MATERIAL FOR THIS EXERCISE START
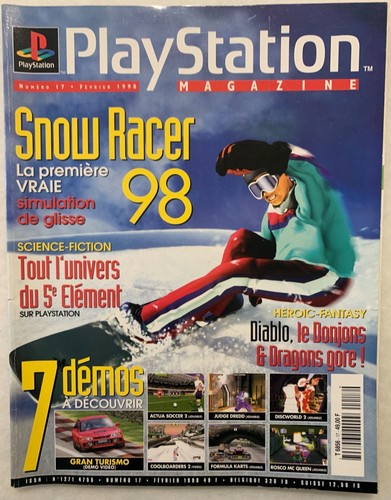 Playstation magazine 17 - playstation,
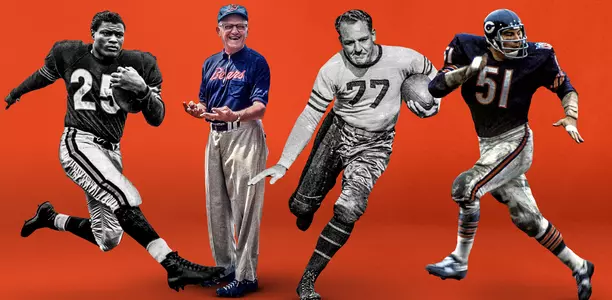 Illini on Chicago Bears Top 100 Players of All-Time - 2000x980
MATERIAL FOR THIS EXERCISE END
MATERIAL FOR THIS EXERCISE START
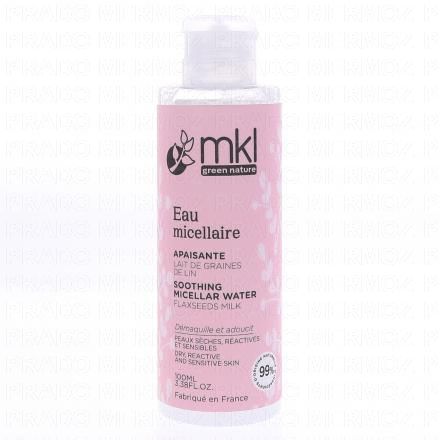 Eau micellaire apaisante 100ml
MATERIAL FOR THIS EXERCISE END
MATERIAL FOR THIS EXERCISE START
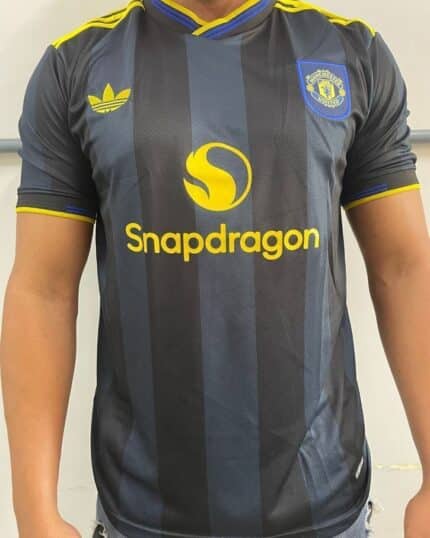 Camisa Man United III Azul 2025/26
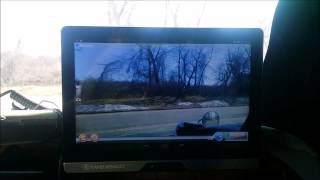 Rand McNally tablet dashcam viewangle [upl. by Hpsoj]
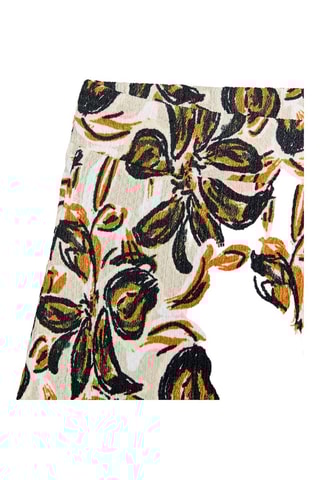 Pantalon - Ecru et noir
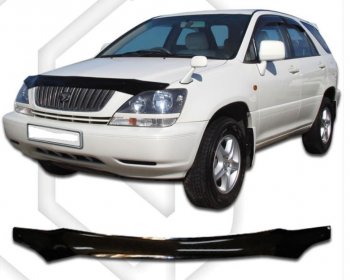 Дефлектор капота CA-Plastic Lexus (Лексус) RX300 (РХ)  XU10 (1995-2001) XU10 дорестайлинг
MATERIAL FOR THIS EXERCISE END
> **PROBLEM TO SOLVE**
From the records above, copy exactly the lines starting at the one with "Camisa Man United III Azul 2025/26" and ending at the one with "Дефлектор капота CA-Plastic", and no others. Pictures stay out.

> **RESPONSE BOX**
 Camisa Man United III Azul 2025/26
 Rand McNally tablet dashcam viewangle [upl. by Hpsoj]
 Pantalon - Ecru et noir
 Дефлектор капота CA-Plastic Lexus (Лексус) RX300 (РХ)  XU10 (1995-2001) XU10 дорестайлинг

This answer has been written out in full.